What you need to do — What you give back should be exactly the lines from the one with "Cute Strawberry Graphic" through the end of the data, without the pictures.

(Brief descriptive captions)
====
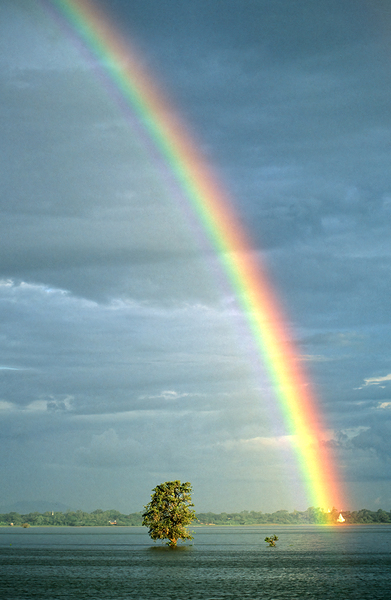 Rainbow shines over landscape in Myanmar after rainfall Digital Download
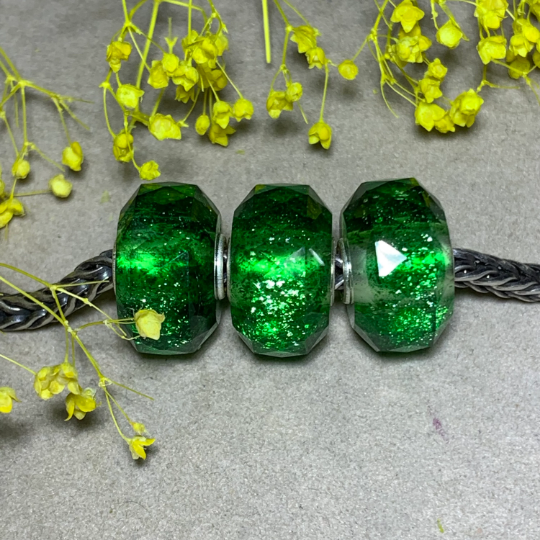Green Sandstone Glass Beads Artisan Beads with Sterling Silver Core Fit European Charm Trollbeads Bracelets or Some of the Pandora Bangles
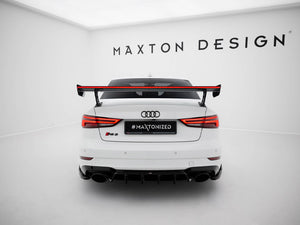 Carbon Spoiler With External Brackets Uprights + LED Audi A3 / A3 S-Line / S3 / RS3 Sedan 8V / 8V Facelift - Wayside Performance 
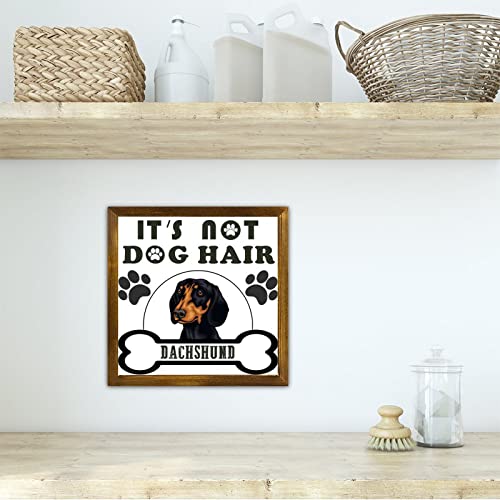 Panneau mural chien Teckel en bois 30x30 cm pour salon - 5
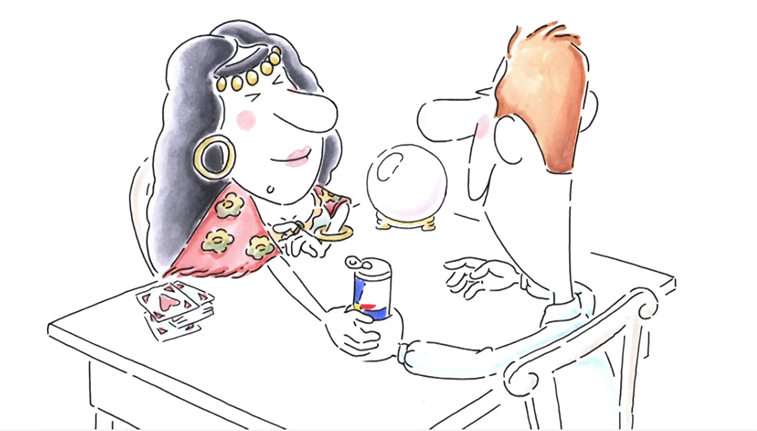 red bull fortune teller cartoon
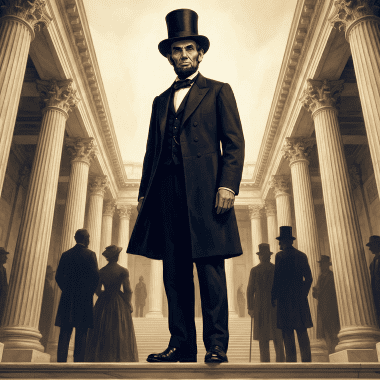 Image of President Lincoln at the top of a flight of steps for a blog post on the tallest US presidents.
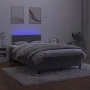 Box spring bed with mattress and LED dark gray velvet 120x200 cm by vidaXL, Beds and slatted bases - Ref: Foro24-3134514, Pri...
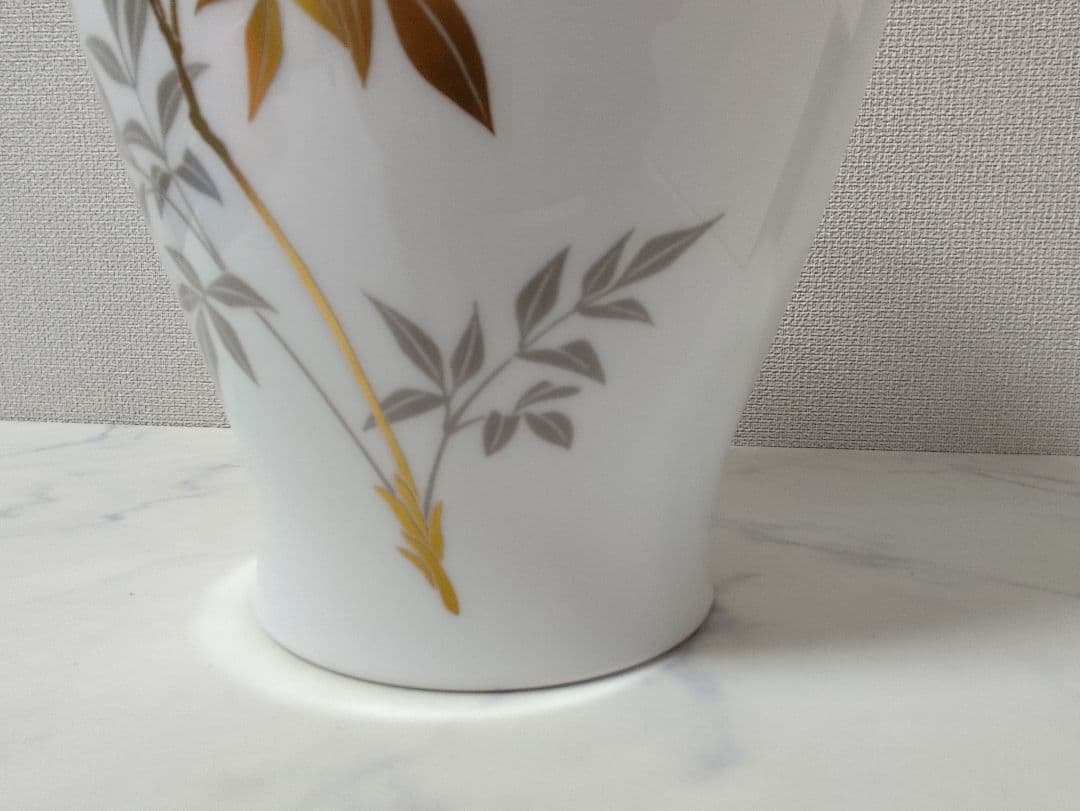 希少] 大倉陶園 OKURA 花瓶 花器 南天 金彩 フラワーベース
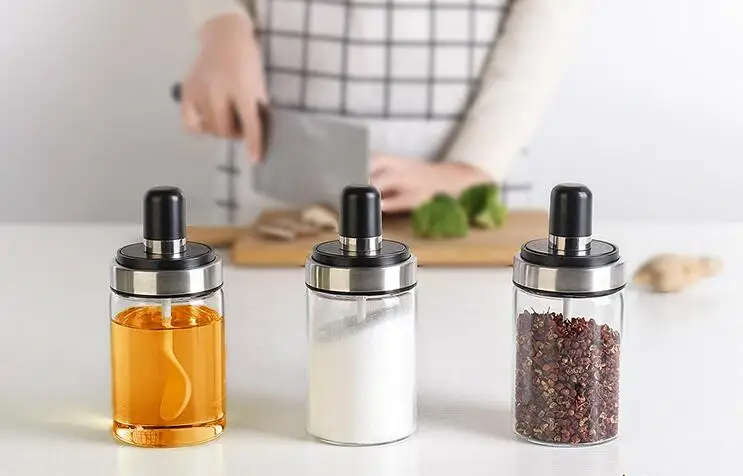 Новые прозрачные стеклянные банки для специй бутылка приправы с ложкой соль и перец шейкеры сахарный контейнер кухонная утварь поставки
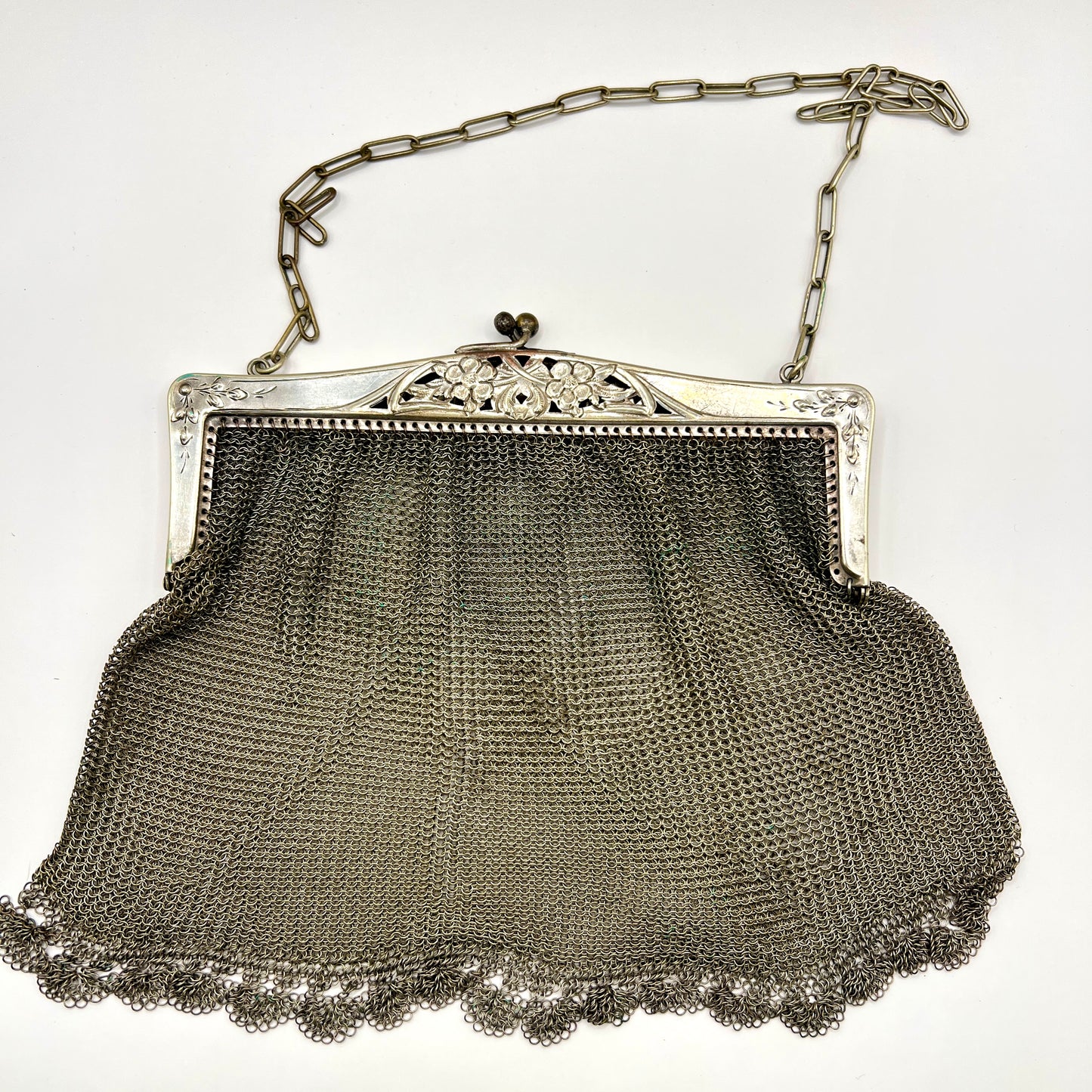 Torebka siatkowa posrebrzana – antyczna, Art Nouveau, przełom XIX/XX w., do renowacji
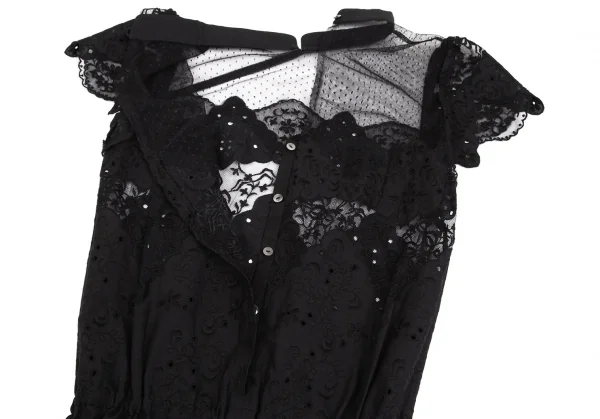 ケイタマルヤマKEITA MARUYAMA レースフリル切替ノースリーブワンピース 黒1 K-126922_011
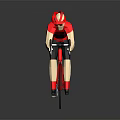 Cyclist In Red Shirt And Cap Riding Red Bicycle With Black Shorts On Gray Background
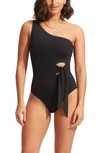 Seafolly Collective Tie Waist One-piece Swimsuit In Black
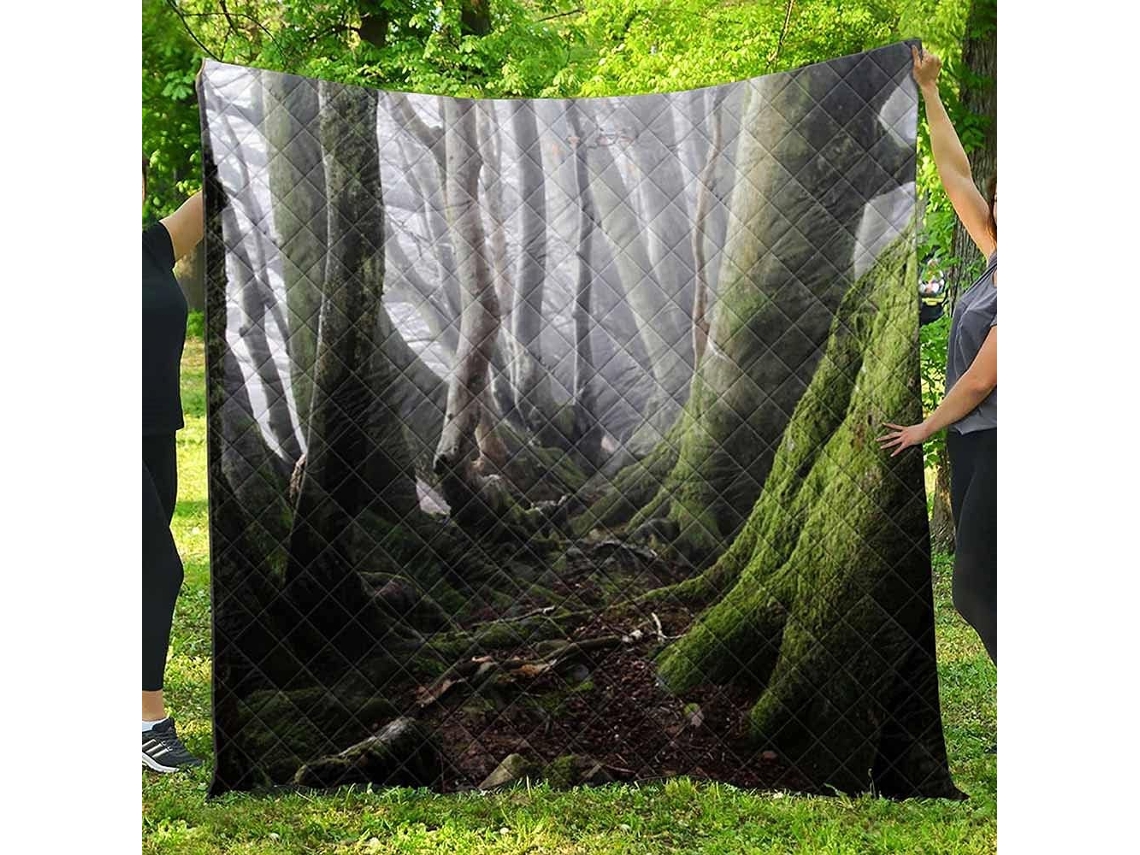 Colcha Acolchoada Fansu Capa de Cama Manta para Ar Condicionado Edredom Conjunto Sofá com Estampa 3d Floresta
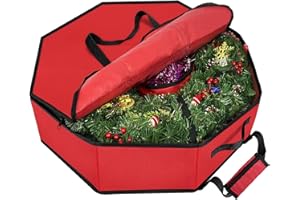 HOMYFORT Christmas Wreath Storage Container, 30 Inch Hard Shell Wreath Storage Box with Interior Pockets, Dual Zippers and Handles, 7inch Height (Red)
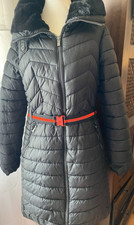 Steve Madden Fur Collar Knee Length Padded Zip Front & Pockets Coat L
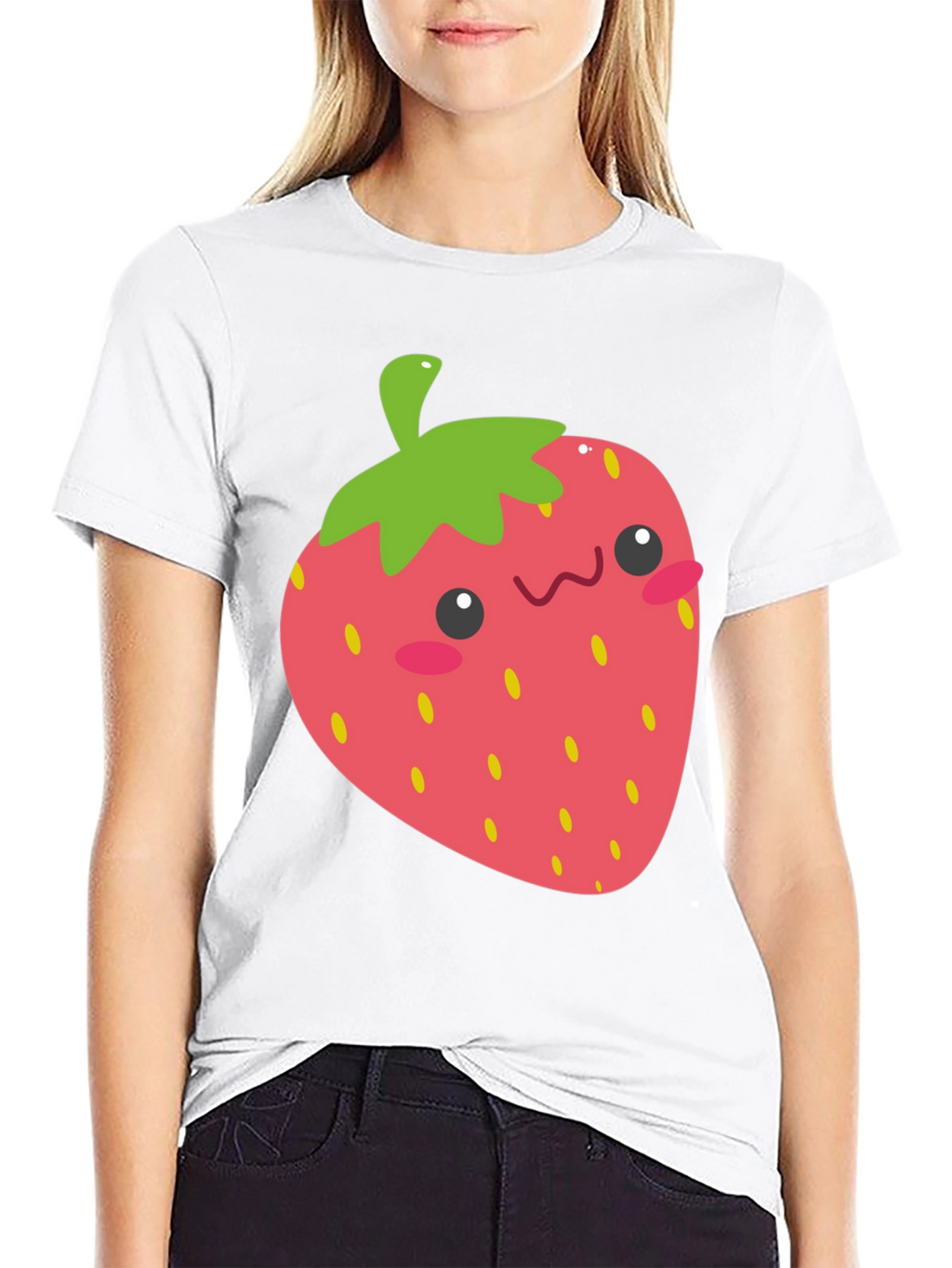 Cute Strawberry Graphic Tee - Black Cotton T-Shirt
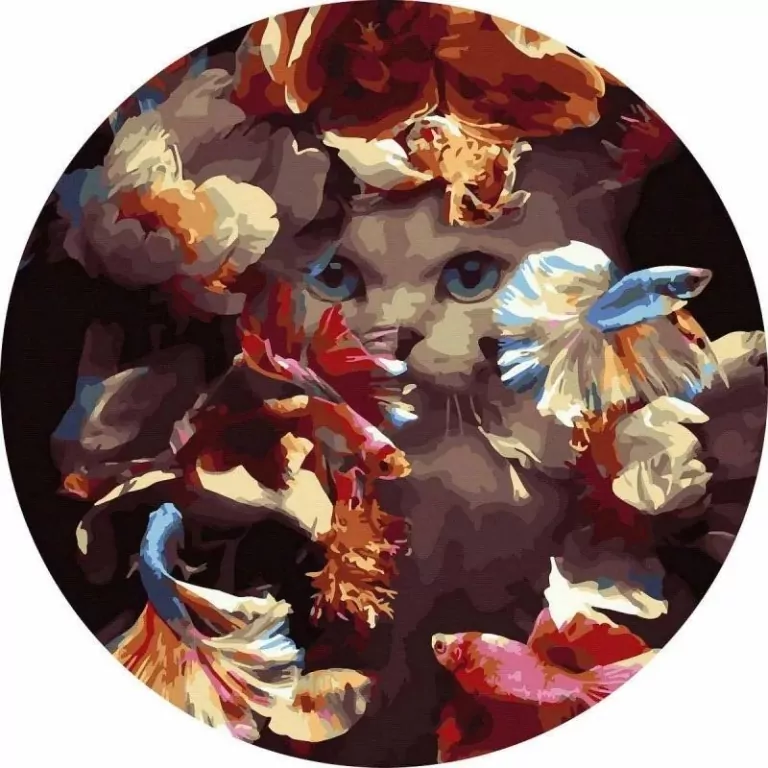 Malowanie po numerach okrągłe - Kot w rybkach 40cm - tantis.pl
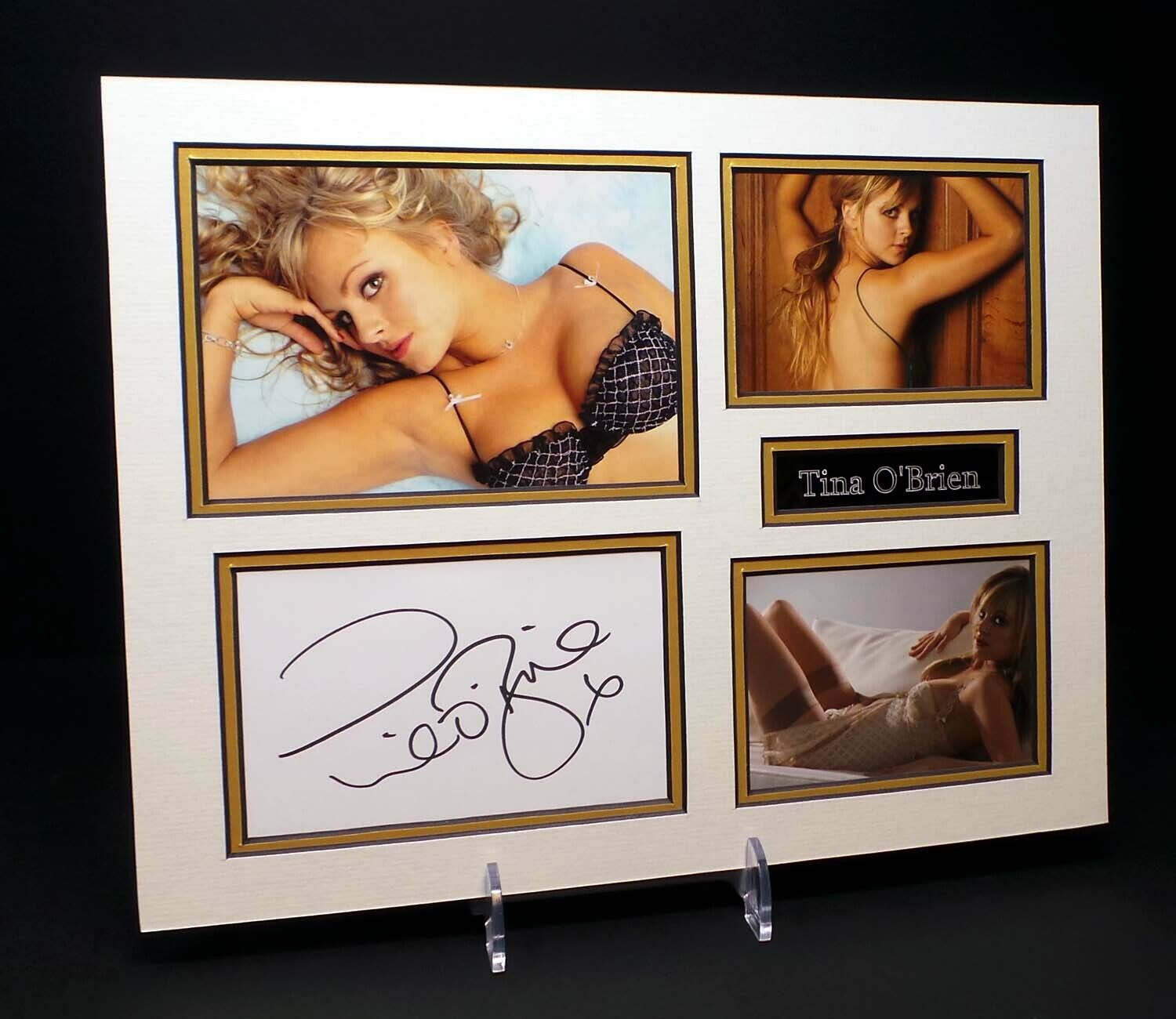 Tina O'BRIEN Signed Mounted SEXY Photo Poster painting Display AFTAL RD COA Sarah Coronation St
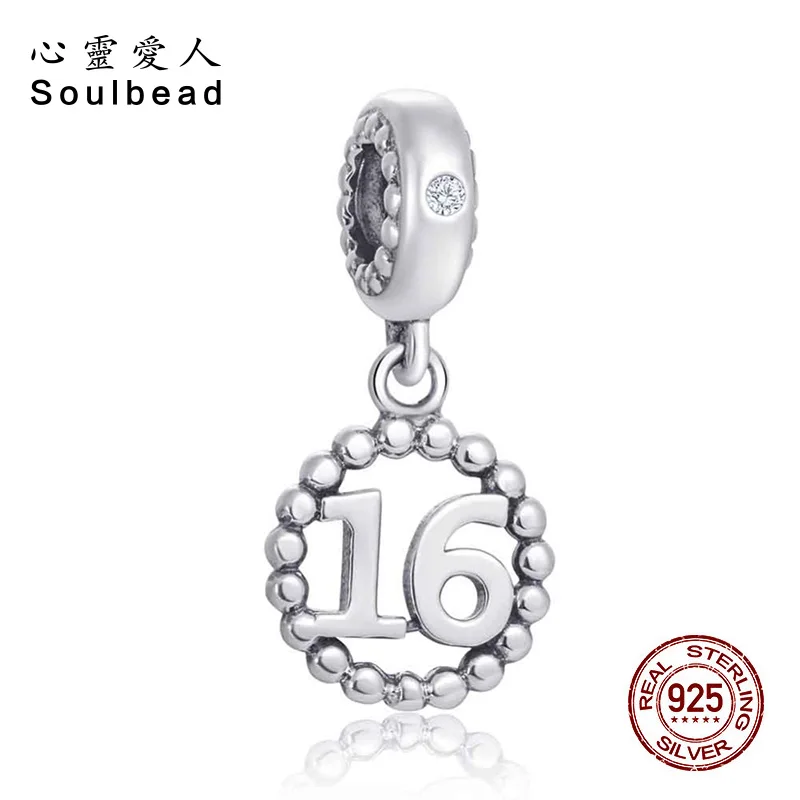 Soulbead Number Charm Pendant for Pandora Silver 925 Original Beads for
====
Written solution —
 Cute Strawberry Graphic Tee - Black Cotton T-Shirt
 Malowanie po numerach okrągłe - Kot w rybkach 40cm - tantis.pl
 Tina O'BRIEN Signed Mounted SEXY Photo Poster painting Display AFTAL RD COA Sarah Coronation St
 Soulbead Number Charm Pendant for Pandora Silver 925 Original Beads for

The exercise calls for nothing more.